Laurie Anderson: "Four Talks"
Laurie Anderson's most intricate, interactive, and mesmerizing piece within the Hirshhorn museum, "Four Talks" is my personal favorite, and in my opinion the most interesting piece on display within the museum. It's a wide, painted black room, absolutely overwhelmed with rugged and unique white graffiti.

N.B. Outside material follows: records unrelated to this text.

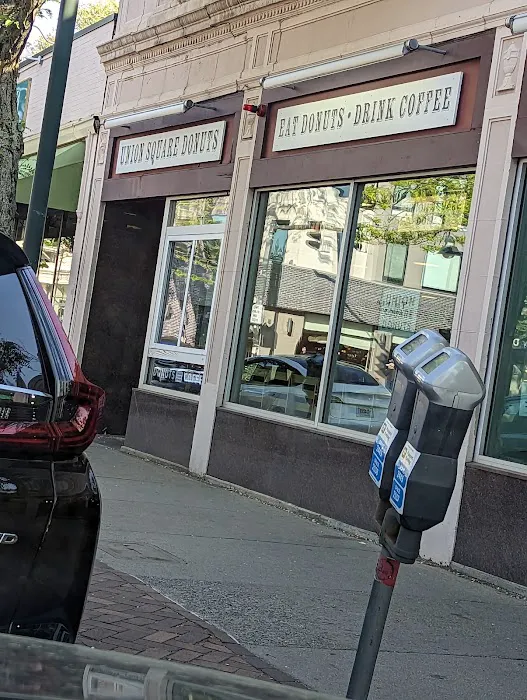 Union Square Donuts Picture 1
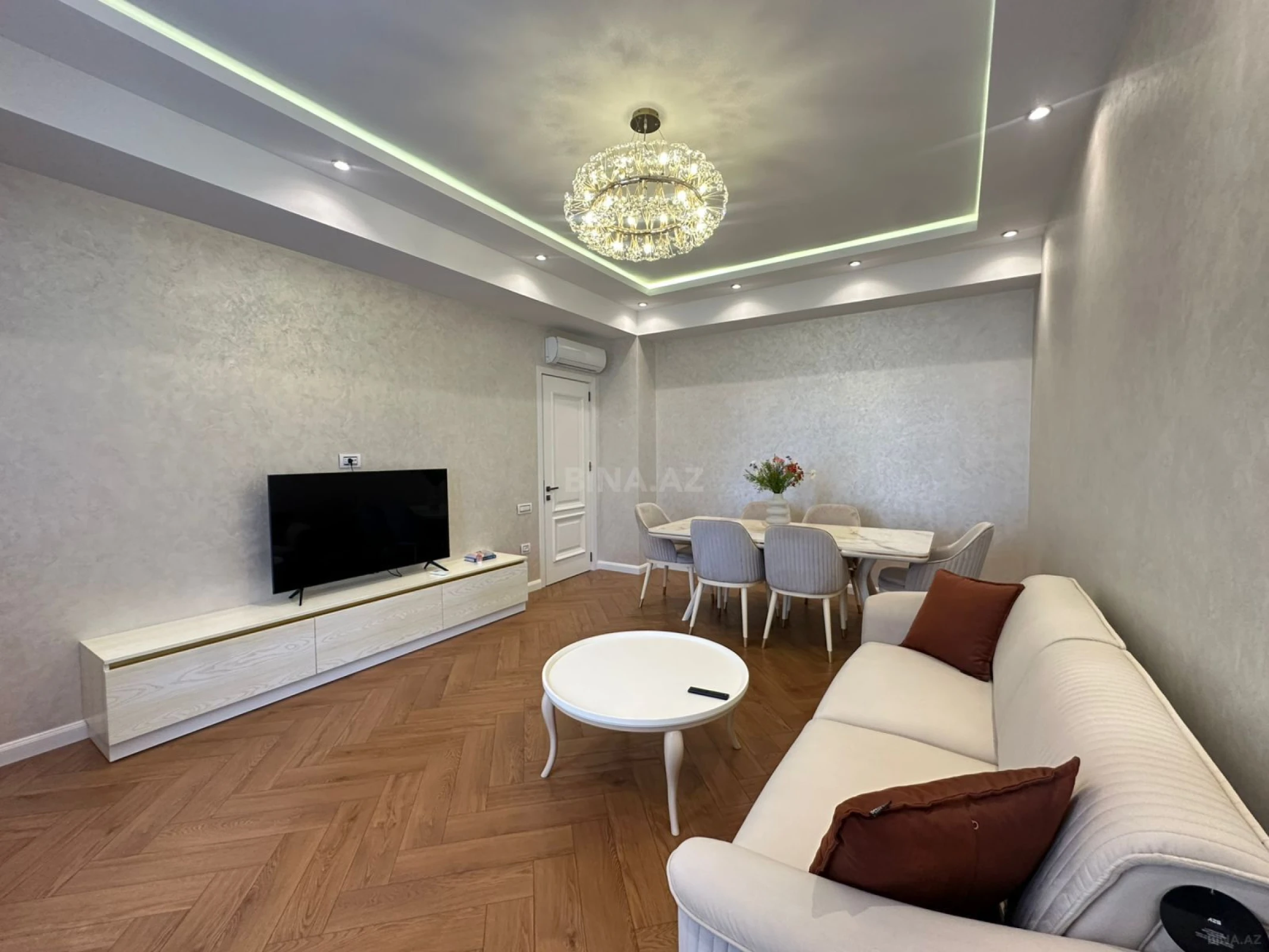 Kirayə verilir 3 otaqlı mənzil 130 m²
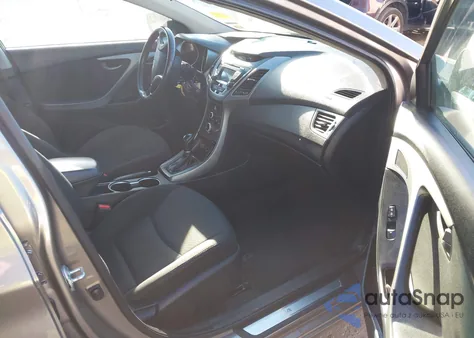 2015 Hyundai Elantra Se z USA, uszkodzony, nr VIN 5NPDH4AE5FH613254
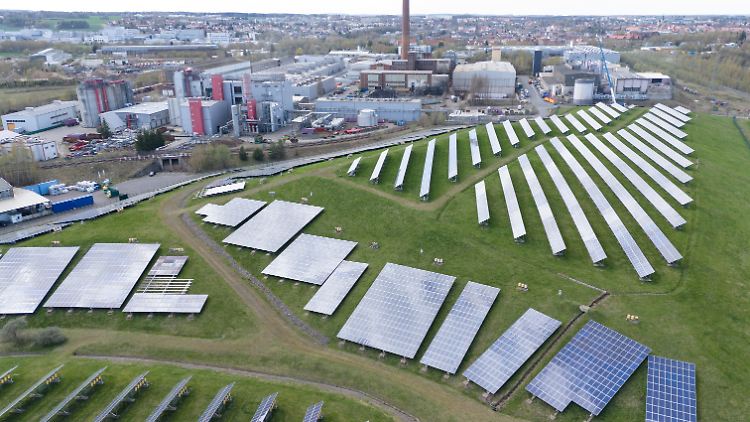 Die Solarbranche in Deutschland liegt am Boden.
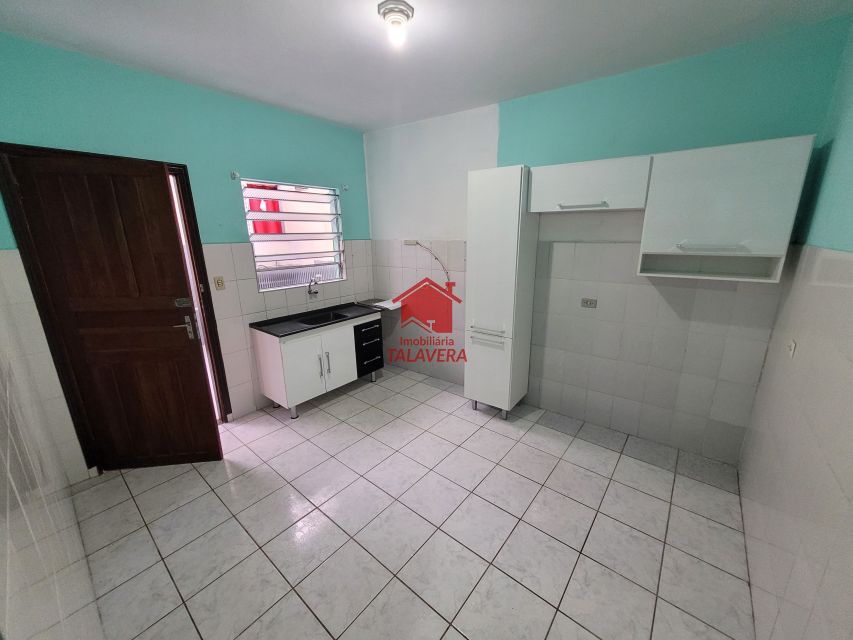 a87fdb34-27e6-4de7-b6cf-752285edee60-TALAVERA CASA Sao Jose 20016 Imóvel com 458m de terreno - 395m de construção

São 06 casas com tamanhos próximos (30m) com 03 cômodos. 
01 casa principal com 02 dormitórios, sala, cozinha ,área de serviço e vaga para 02 carros. Conta também com um amplo salão de aprox. 100m com banheiro.
(algumas imagens - para ter conhecimento total das casas, somente com agendamento, imóveis alugados). Excelente opção para renda.

Vamos visitar?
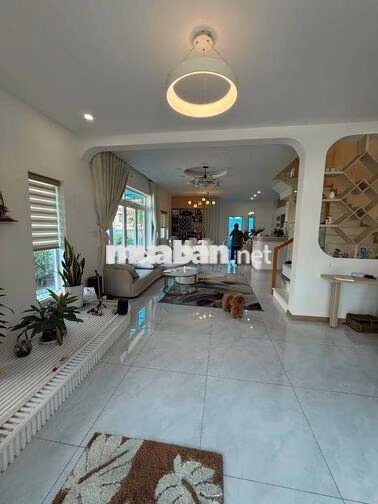 CHO THUÊ CĂN GÓC FULL NỘI THẤT ECOLAKE MỸ PHƯỚC 5 PHÒNG NGỦ.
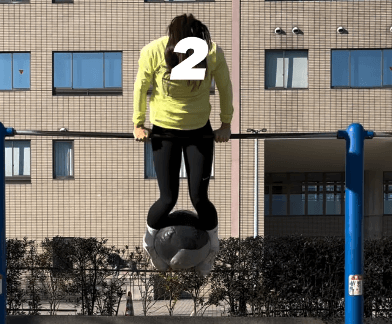 「遊ばないとね！」話題の美女陸上選手、”ダイナ懸垂逆上がり”の”ダイナミック・パフォーマンス”に大反響「す、スゲ〜」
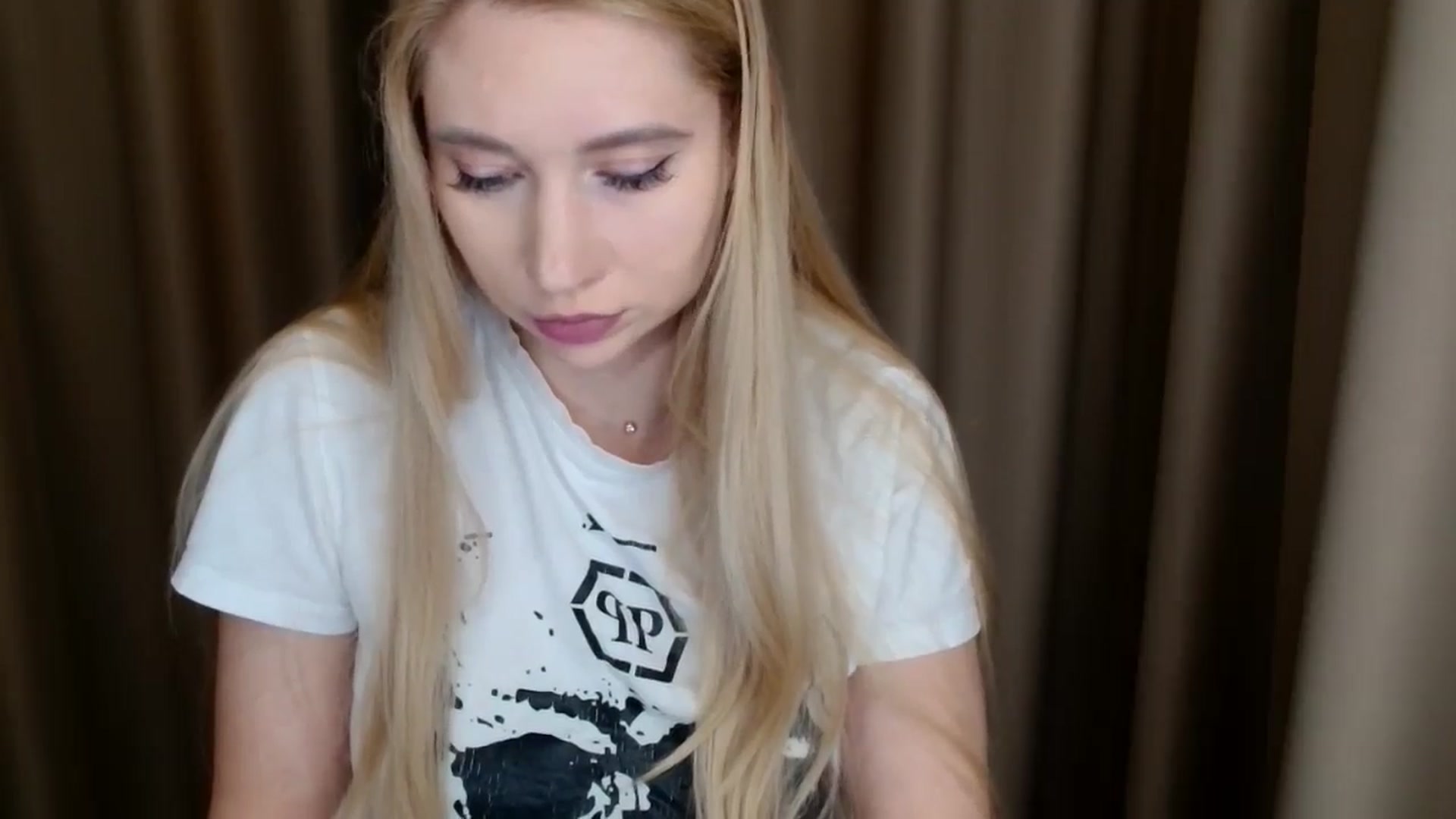 Gallery image thumbnail from Miss_Sylvia's myfreecams stream on, 03/10/2025, 20:59 image 6 of 20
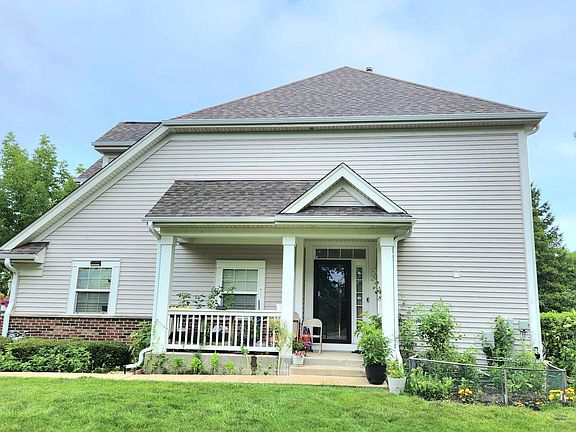 2nd image of 804 Linden Cir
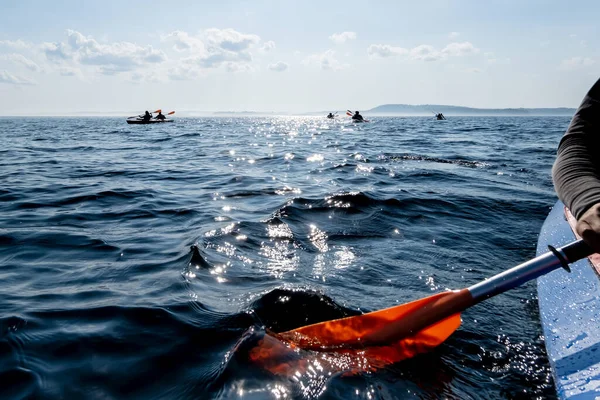 Kayak Lago Limpido Con Sole Sullo Sfondo Una Barca Con — Foto Stock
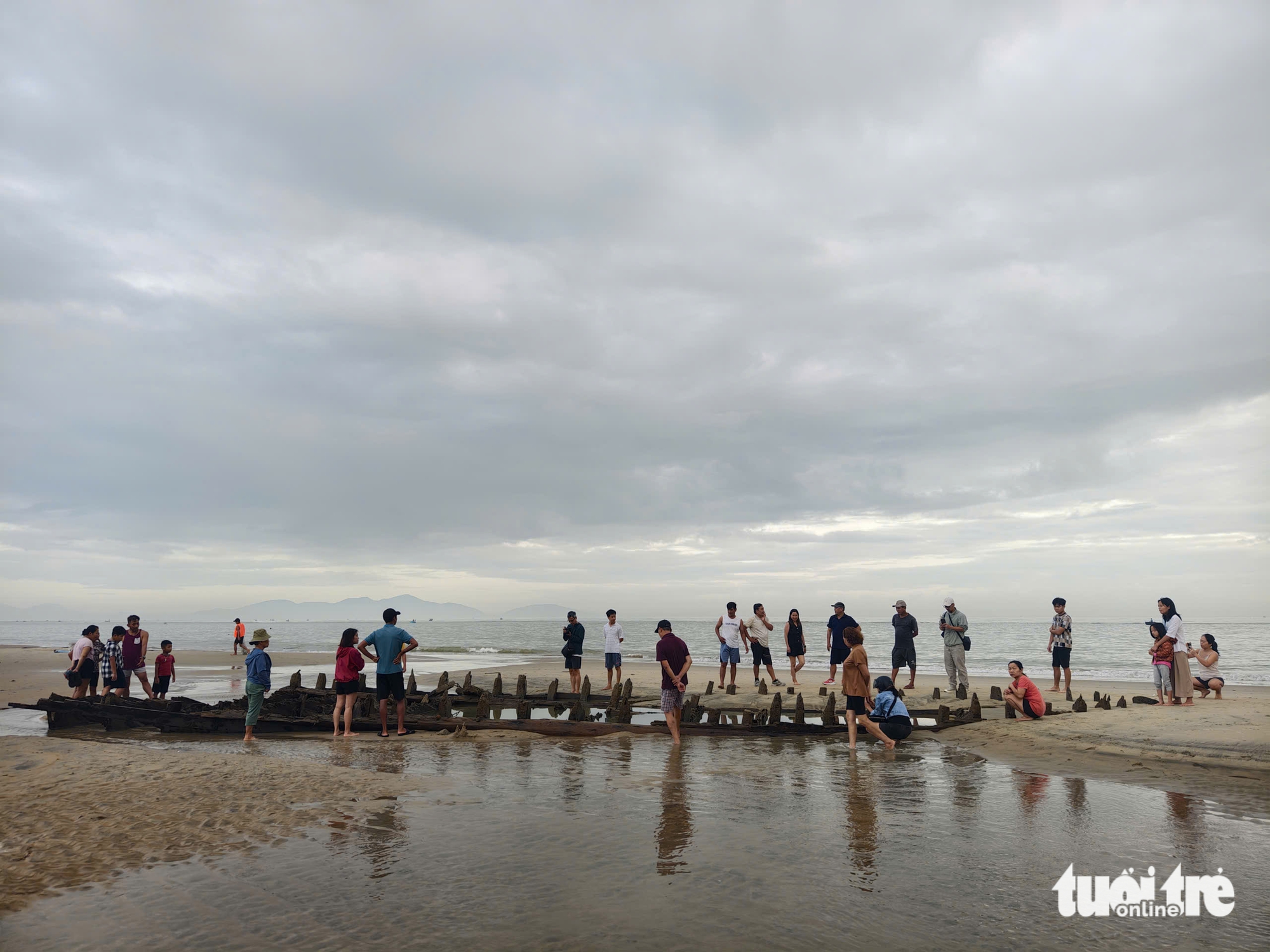 会安海滩古船浮出水面，民众清晨蜂拥而至，这艘船的来历如何？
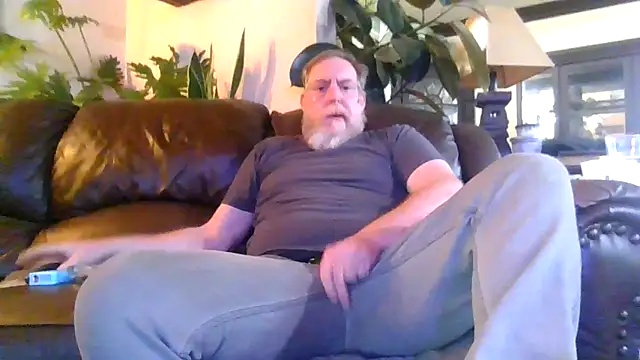 Snapshot of Moeblick chatting on February 28, 5:45 pm Moeblick online show from February 28, 5:45 pm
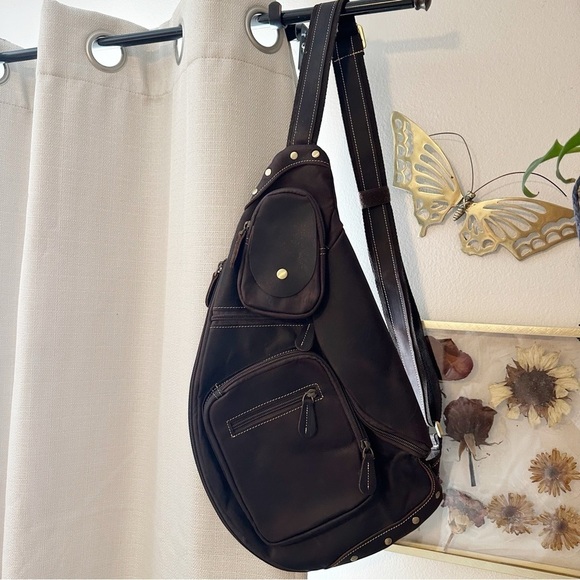 Classic Leather satchel crossbody bag. - Picture 1 of 5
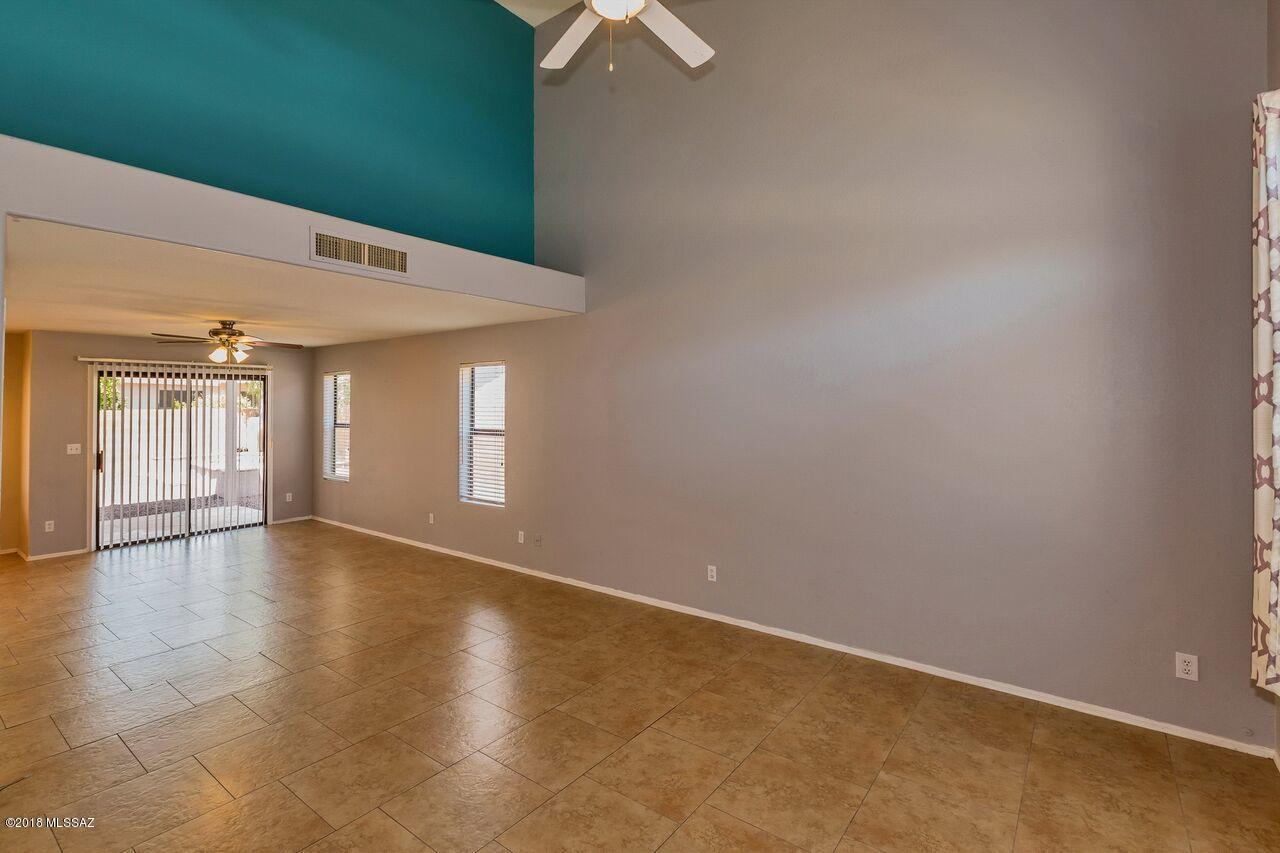 Country Club(1-221) - Residential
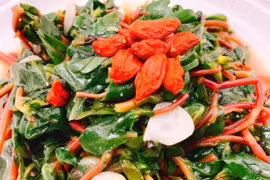 Loại rau dại xưa mọc đầy đường, nay được coi như báu vật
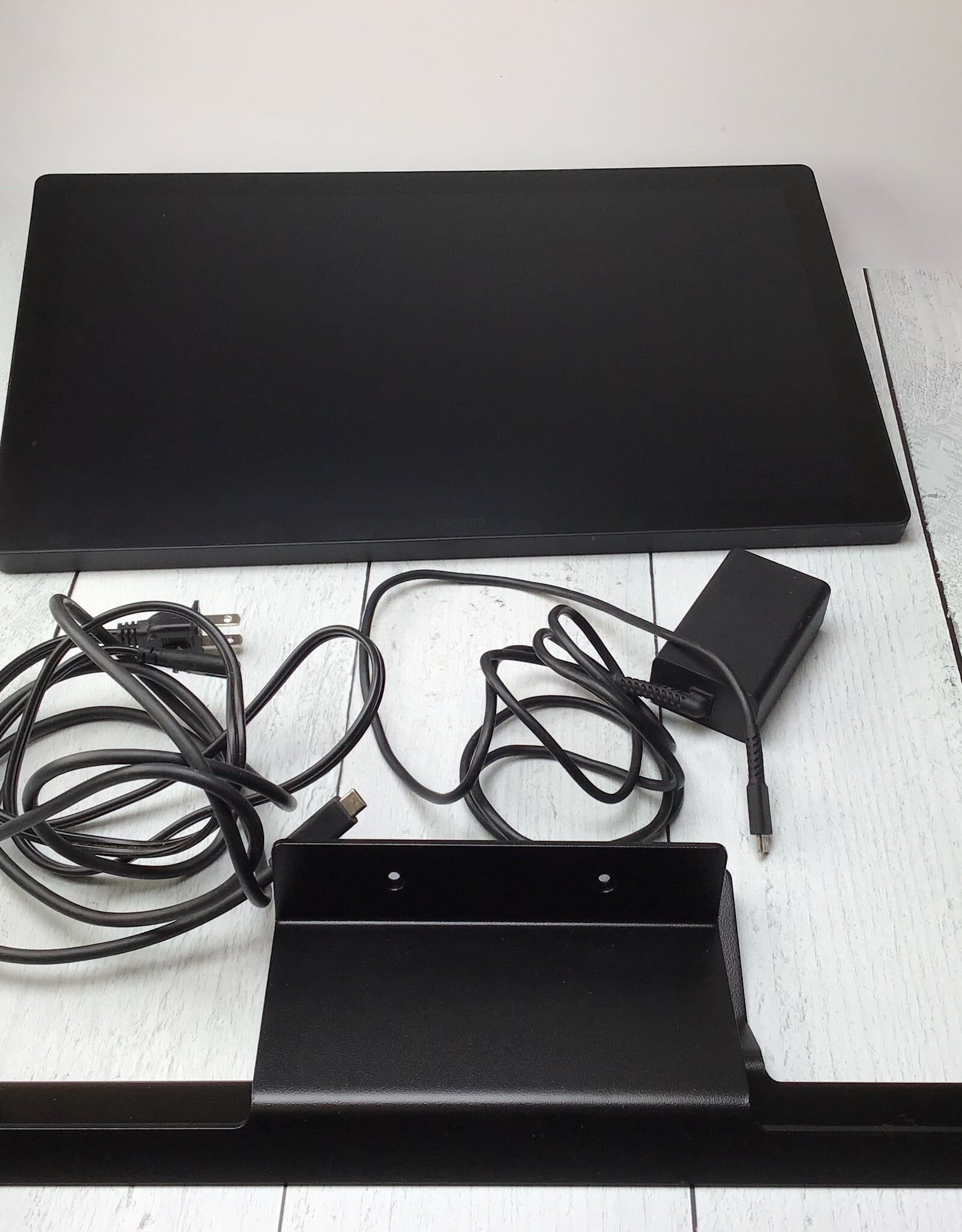 Wacom Wacom Cintiq Pro 17 Touch Pen Display in Box Used Good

PERCEPTION OF OBJECTIVE PHENOMENA
To start with, "Four Talks" is a black and white room, with black walls adorned with white lettering and graffiti. There are a variety of words and phrases, facts, and sentences written on the walls and floor. The colors are bold, and stand out, and the room is brightly lit by lights from above. I could see four physical pieces sitting within the room. One being a greenish parrot sat atop a perch, speaking aloud in a monotone, robotic voice. The next, was a large, shiny, black crow figure. It sits with it's wings behind it, and it's long beak outstretched. On the other side of the room on top of a small platform, there was a golden canoe, split in two, with a golden, metallic, almost blood-like substance pooling around either side. Finally, on the exiting wall of the room, there was a shelf adorned with a variety of glass cups, which every so often would rumble, faintly shaking the chinaware on top. On the walls I could see specific phrases and questions such as; What is a Wall? What is a story? Who owns the moon? What is the purpose of panic? What is blaze of glory? and much more.
ASSOCIATION
Personally, when I look at this room, I immediately think of graffiti on the sides of buildings and old trains. It's all thrown together so abstractly like a wall in the city filled by a mural of graffiti, which in turn makes me think of a sort of post apocalyptic city. My mind also thinks of black chalkboards, and even children's sidewalk chalk drawings on the pavement during the summer when I see the room. It almost looks like grade school when the teacher would fill the chalkboard with numbers, facts, and a bunch of other things. I also associate this room with the inner workings and limbo of one's mind. The giant crow figure in the room I believe really looks a lot like one of those monopoly player pieces, or even like a small toy or figure you would get as a child from a gumball machine.
EMOTIVE RESPONSE
When first walking into this room, I felt deeply overwhelmed, like everything was too striking, stimulating, and jarring to look at. I believed it overtook ones mind just as it is supposed to do. I felt confused, yet intrigued, it raised a lot of questions and personal confusion and I wanted to know more, I wanted to read every wall and gain everything it had to offer me. I felt mentally pelted with information on all sides, and that nowhere I could turn would offer me solace from the barrage of jarring information. I felt influenced by the room to pose thoughts, confusion, and to decipher maybe my own meaning or method to the madness immediately. It was both enchanting, yet somewhat scary for someone like myself who has ADHD. I felt almost as if I could relate mentally and emotionally to the room itself, like each wall, item, and even the floor could be compared to the jumbled thoughts, questions, and images that filled my mind every day.